The question of how the 10 states should go about this, the extent that EU membership can underpin their efforts, what they can learn from current EU countries with more mature biotech sectors, and the structural and regulatory changes that will be required were discussed Tuesday on the opening day of the Cordia-EuropaBio Convention 2003 in a session on "Biotechnology in a Larger Europe."
"All [the 10] countries talk about how important biotechnology is, and all claim to be developing clusters," Rene Tonnisson, executive board member of the Tartu Science Park in Estonia, told delegates. "So can all the countries in Europe have viable biotechnology sectors, or, particularly with the smaller countries, is it just wishful thinking?"
All the accession countries have similar problems, said Erno Duda, chairman of Solvo Biotechnology Inc. in Hungary who also is chairman of Hungary's biotechnology association. "There will be 30 members of the [Hungarian] association by the end of the year, and the [associations] are small in each of the accession countries. So, will these countries be able to work together, or will there be 10 clusters with four companies each?"
Duda suggested the governments need to collaborate. "They need to start discussions and do something together, rather than doing everything by themselves."
One of the key weaknesses is a lack of legislation and infrastructure to protect intellectual property rights (IPR) "There is a problem in central and eastern Europe in general with university technology transfer," Duda said. "Intellectual property is not patented at the university level, so there is nothing for biotechnology companies to build on."
Tonnisson said the Estonian government recognized the problem, and its program for aiding biotech start-ups includes help with IPR. "But expertise in the field can only come with time; you cannot import IPR competence."
The lack of IPR is discouraging foreign venture capitalists from investing, Duda said. "At the same time there is not a single venture capital fund in any of the 10 countries that can do due diligence."

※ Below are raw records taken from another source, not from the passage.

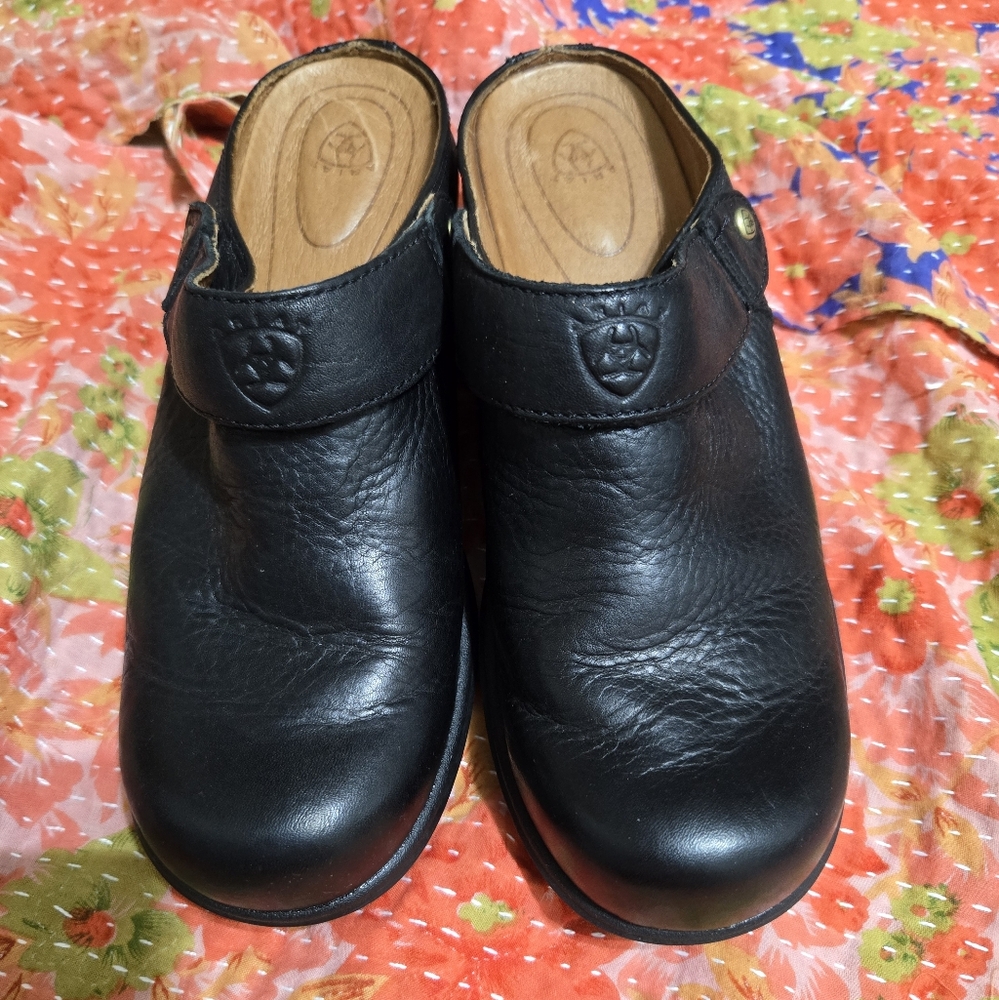 LIKE NEW Ariat Women's Size 7.5B Black Leather Mules
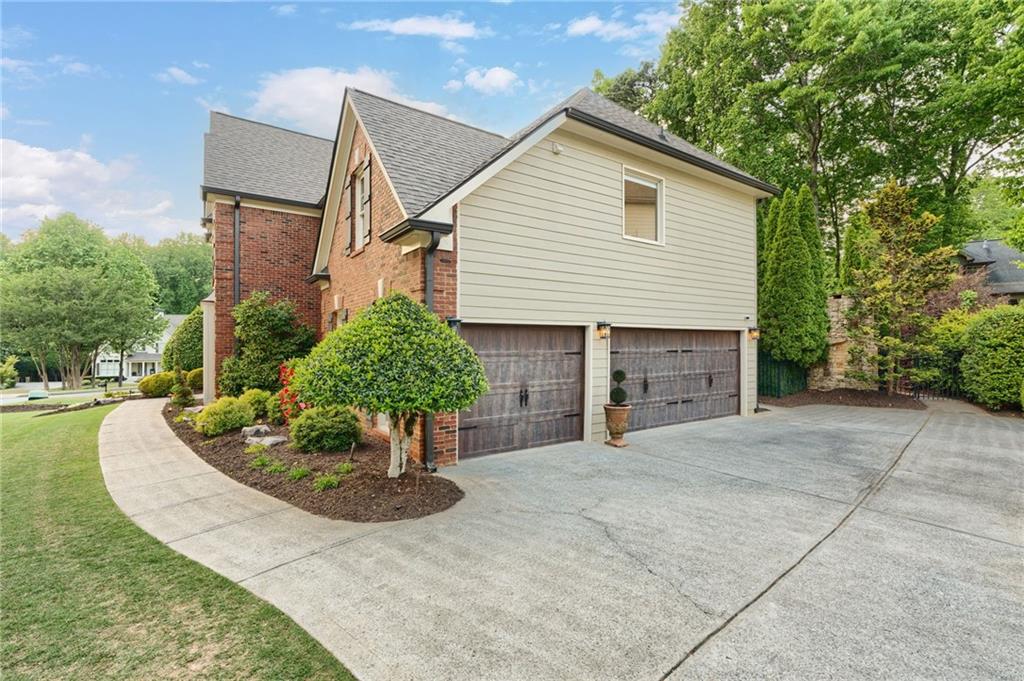 3890 Bridle Ridge Drive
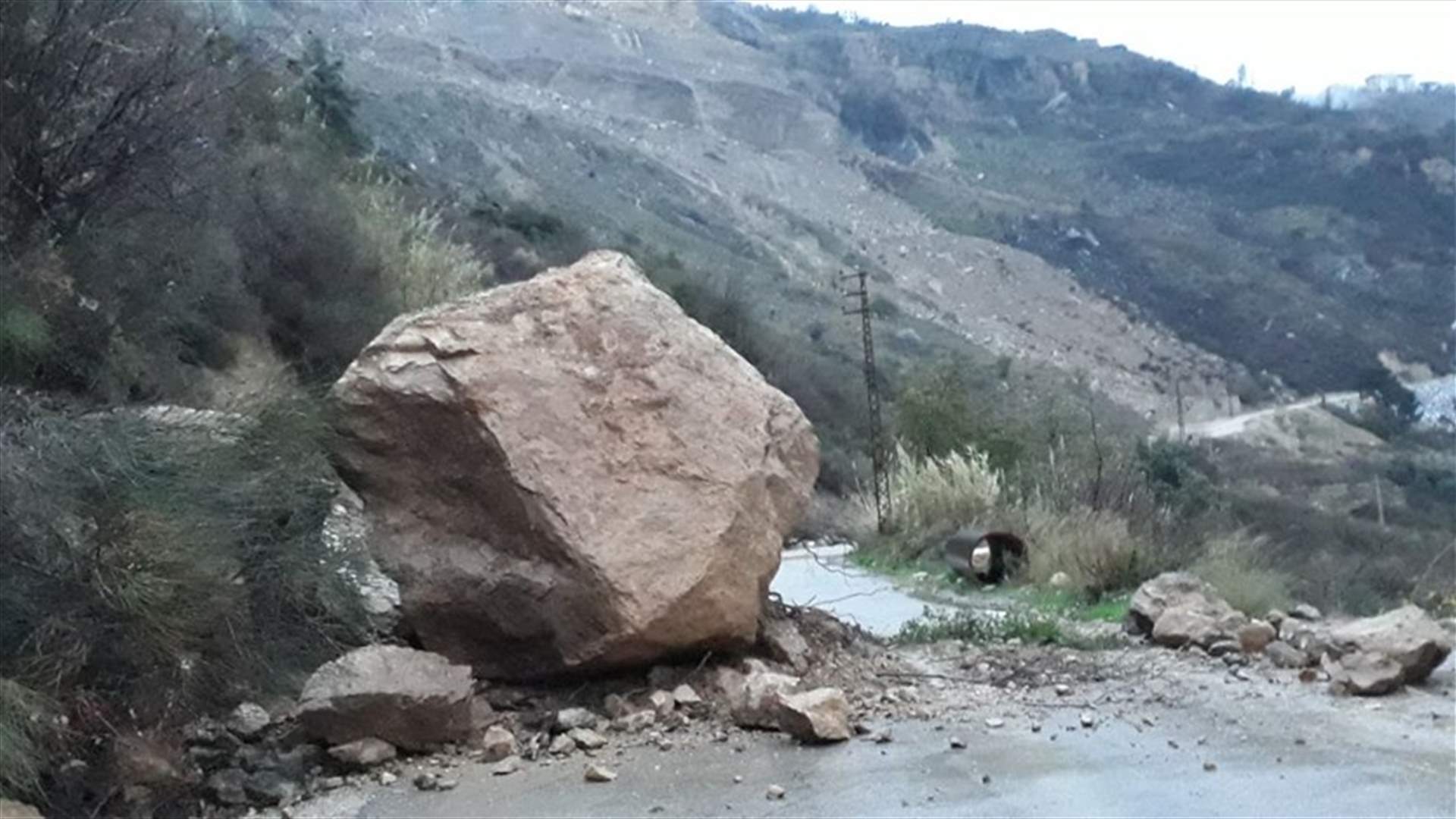بالصورة - ثلوج وانهيارات في الشوف بسبب العاصفة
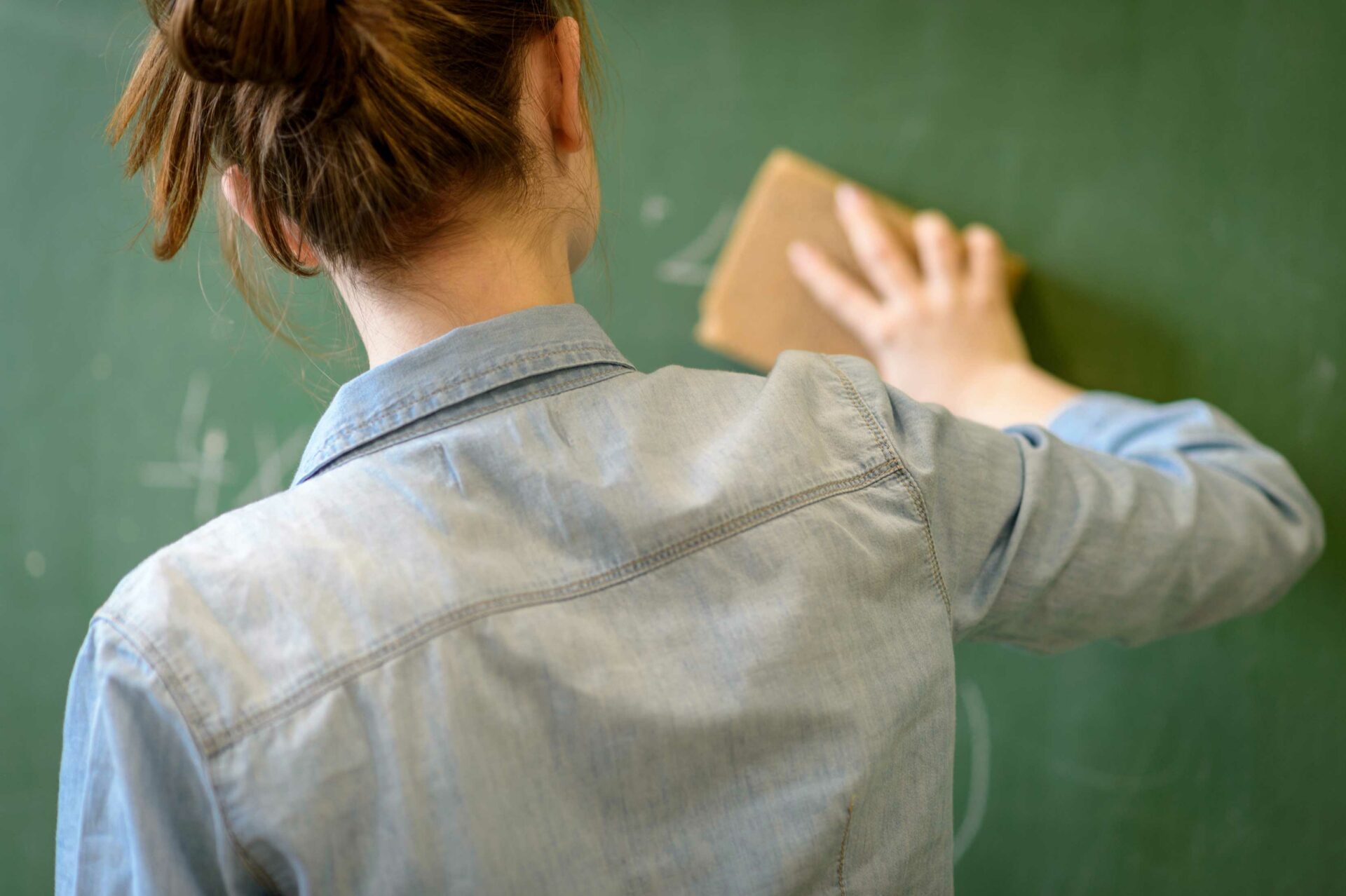 CSIF denuncia que más de 2.200 docentes interinos de Castilla-La Mancha conocerán su destino a solo 48 horas del inicio de curso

However, Duda said the fact that the 10 states are joining the European Union is encouraging foreign venture capitalists. "One of these days one venture capitalist will set up a smallish $50 [million] to $100 million fund dedicated to central European biotechnology. The fund will pick out the best four or five companies in each country and will make a lot of money out of it. I know there are [venture capitalists] that are considering it."
Joining the EU will give the states the right to take part in Framework Six, the EU's recently launched €17.5 billion, five-year research program About €2.2 billion of the fund is earmarked for life sciences research.
However, Sabine Herlitschka, deputy director and head of the life sciences unit at the Bureau for International Research and Technology Cooperation in Austria, said there are no national coordinating bodies in any of the 10 states to help companies and researchers in submitting proposals.
"It is not enough to set up a program; you have got to make those opportunities accessible." She suggested there should be mechanisms to provide an exchange of experience and expertise from member states that have been involved in the previous framework programs, to aid integration. "This could involve twinning between new and existing members, to help new members take part of Framework Six."
Peter Dovc, of the Zootechnics Department at the University of Ljubljana in Slovenia, agreed. "Our first experience of Framework Six was [poor] due to the unsuitable structure of the Slovenia Research Institute. It is hard for small groups to compete, and subject areas where [Slovenia] is strong weren't included in Framework Six."